Lita Albuquerque’s performance work “An Elongated Now” relies on community volunteers as participants.
Lita Albuquerque’s performance work “An Elongated Now” relies on community volunteers as participants. Photo by Marc Brreslin, courtesy of the artist, Peter Blake Gallery and Kohn Gallery.

Roughly 200 people, double that number if artist Lita Albuquerque has her way, will spill out of the Laguna Art Museum next month dressed in requisite white trousers and long-sleeved t-shirts to follow the graceful arc of the Laguna Beach shoreline.

The voluntary recruits will be holding LED lights whose colors shift from white to blue as part of a performance art piece on Main Beach titled “An Elongated Now.”

They will return to the museum in smaller groups and become part of Albuquerque’s museum installation “Particle Horizon,” where a blue supine being appears to levitate, illuminated by stars of the Northern and Southern hemispheres.

The title comes from astronomy and describes, in short, the maximum distance from which particles might have traveled to an observation point during the age of the universe. It represents the boundary between seen and unseen regions of the universe.

The performance piece “An Elongated Now,” will take place at sunset Saturday, Nov. 8, and is the central component of the museum’s Art and Nature Festival, devised by Executive Director Malcolm Warner.

Last year’s land installation by artist Jim Denevan featured sand drawings outlined at night by solar lanterns. This year’s work is conceptualized by Albuquerque and choreographed by her daughter Jasmine Albuquerque-Croissant

Artist Lita Alburquerque directs a similar performance at the Getty Center in 2013.
Artist Lita Alburquerque directs a similar performance at the Getty Center in 2013.

The intent of the work is to raise awareness of the passage of time and for participants and audiences to become part of this process, said Albuquerque, whose studio is located in Santa Monica. “I am bringing people together to form a moving sculpture of light and to bond with each other,” she said.

The white dress code echoes the white caps of waves, but also that white contains all colors of the spectrum and also forms a unifying visual effect for the moving figures, she said. “Choreographically speaking, each figure is a point that becomes a line and then the arc. The movements suggests the earth rotating around the sun.”

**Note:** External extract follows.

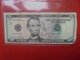U.S.A 5$ 2009 CIRCULER - Biljetten Van De  Federal Reserve (1928-...)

Albuquerque and the museum are recruiting participants from high schoolers to seniors, offering the unique opportunity to become part of a one of a kind work of art. The only requirement is that participants be physically able to master terrain and choreography. Applications are on www.anelongatednow.com

So far 65 Laguna Beach residents have applied, though numbers from Los Angeles have yet to be counted, said curator Grace Kook-Anderson.

Among the volunteers is artist Jorg Dubin, who signed up at the behest of his friend Arabella Cant, a Laguna Beach graphic designer. Her daugher Evie, 14, will join the performance. “This is outside of anything I would normally do, something I now know nothing about yet. But, maybe it will open another door,” said Dubin.

Cant is looking forward to “a trip to remember,” a memory she can relive with her daughter. “It’s an exciting experience to be part of a work of art, something that a lot of people might want to do at some point in their lives,” she said.

A similar motivation prompted Vanessa Helin, who will turn participation into an inter-generational event. She recruited her daugher Gabriela, 17, who also volunteered at the festival last year, and her mother Norma Helin, 72. “On this large a scale it’s a real honor to participate in work by an internationally renowned artist,” said Helin, a member of the museum’s advisory council and a local resident. “On a personal level, I feel a lot of connection to Laguna Beach, its art scene and its natural beauty,” Helin said.

Laguna artist Karen Feuer-Schwager signed on after participating in a preparatory photo shoot. “To be inside another artist’s concept is a special way of feeling their creativity,” she said.